A Leaf from the Devil’s Jest-Book
Beside the sewing-table chained and bent,
They stitch for the lady, tyrannous and proud—
For her a wedding-gown, for them a shroud;
They stitch and stitch, but never mend the rent
Torn in life’s golden curtains. Glad Youth went,
And left them alone with Time; and now if bowed
With burdens they should sob and cry aloud,—
Wondering, the rich would look from their content.
And so this glimmering life at last recedes
In unknown, endless depths beyond recall;
And what’s the worth of all our ancient creeds,
If here at the end of ages this is all—
A white face floating in the whirling ball,
A dead face plashing in the river reeds?
The Paymaster
There is a sacred Something on all ways—
Something that watches through the Universe;
One that remembers, reckons and repays,
Giving us love for love, and curse for curse.
The Last Furrow
The Spirit of Earth, with still restoring hands,
’Mid ruin moves, in glimmering chasm gropes,
And mosses mantle and the bright flower opes;
But Death the Ploughman wanders in all lands,
And to the last of Earth his furrow stands.

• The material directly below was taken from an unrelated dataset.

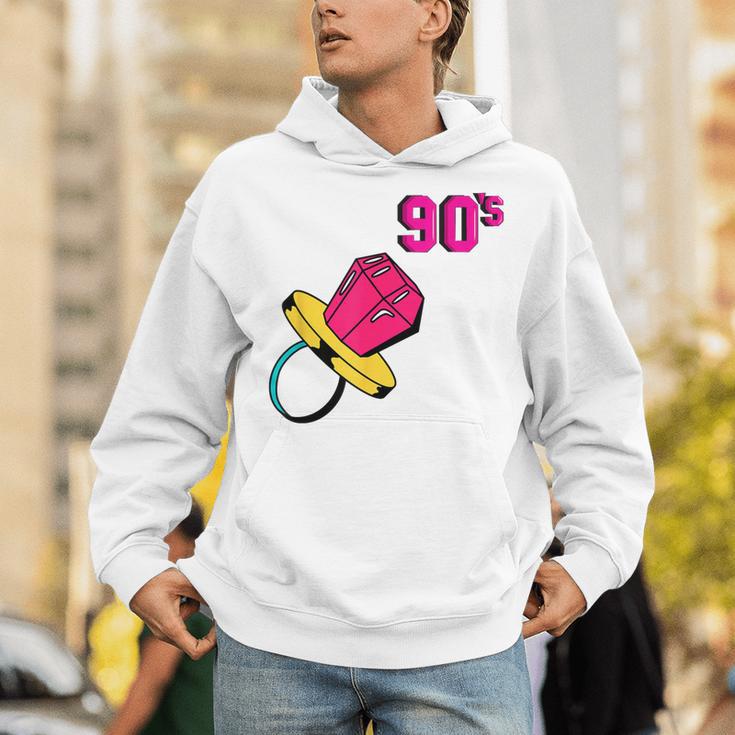 90’s Ring Retro Nostalgia Colorful Throwback Unisex Hoodie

The grave is never hidden; fearful hopes
Follow the dead upon the fading slopes,
And there wild memories meet upon the sands.
When willows fling their banners to the plain,
When rumor of winds and sound of sudden showers
Disturb the dream of winter—all in vain
The grasses hurry to the graves, the flowers
Toss their wild torches on their windy towers;
Yet are the bleak graves lonely in the rain.
In the Storm
I huddled close against the mighty cliff.
A sense of safety and of brotherhood
Broke on the heart: the shelter of a rock
Is sweeter than the roofs of all the world.